Energy and Power Systems
We begin by defining a scenario, to which we can apply the laws of the physical world and determine our rover’s energy requirements.
Typically, space missions have a sol duration, and the rover needs to be able to last for that duration.
We begin by defining the minimum energy required, which is provided by sources such as batteries or solar panels. The backup energy source, in our case, is the battery, which can help the rover last for a specified number of sols or hours. Based on the average activity of the rover, we determine the energy cut-off for a day’s activity. This way, the rover can use some downtime to recharge and perform maintenance.
Given the rover’s mission to explore the terrain and collect samples, we start by defining a unit scenario and then scale it up to the entire mission duration. This involves calculating the energy requirements for a single sol and then multiplying it by the total number of sols in the mission.
Scenario:
Designing an Autonomous Rover for Planetary Exploration Objective: Design an autonomous rover capable of navigating and performing tasks on a planetary surface, such as Mars. The rover should be able to manage its energy efficiently to maximize its operational time and effectiveness.

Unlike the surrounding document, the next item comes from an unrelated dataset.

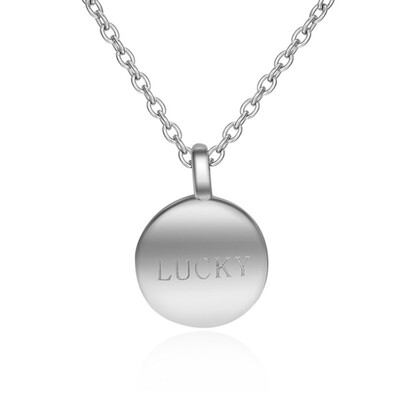 

Charming Fashion Small Round Gold Beans Pendant Necklace For Women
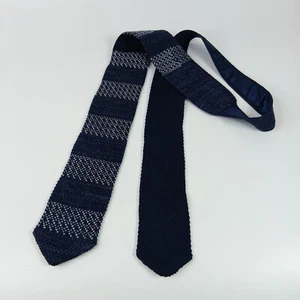 Christian Orani Knit Tie Blue Striped Collection 52/2.75 - Imagen 1 de 8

For the sake of simplicity, the scenario is stripped down to a bare minimum version – Researchers on Earth have identified an exciting mineral at specific coordinates. Our task is to retrieve the material. To reach the location, the rover needs to travel over the terrain, climb and descend a hill, reach the destination, and perform sample collection.
Approach:
Understanding the energy associated with the motion.
Next, we will break the system down into subsystems and analyze the energy requirements for each subsystem.
Total Energy:
The total energy required for the rover to complete its mission is the sum of the energy needed by each subsystem:
\[E_{\text{total}} = E_{\text{mobility}} + E_{\text{arm}}\]Total Power:
Similarly, the total power requirement is determined by peak power demands of each subsystem. For example, achieving rapid acceleration on an incline requires delivering energy in a short time frame:
\[P = \frac{W}{t}\]Final Conclusion:
Based on these measurements, we plan the energy storage and power distribution system for the rover.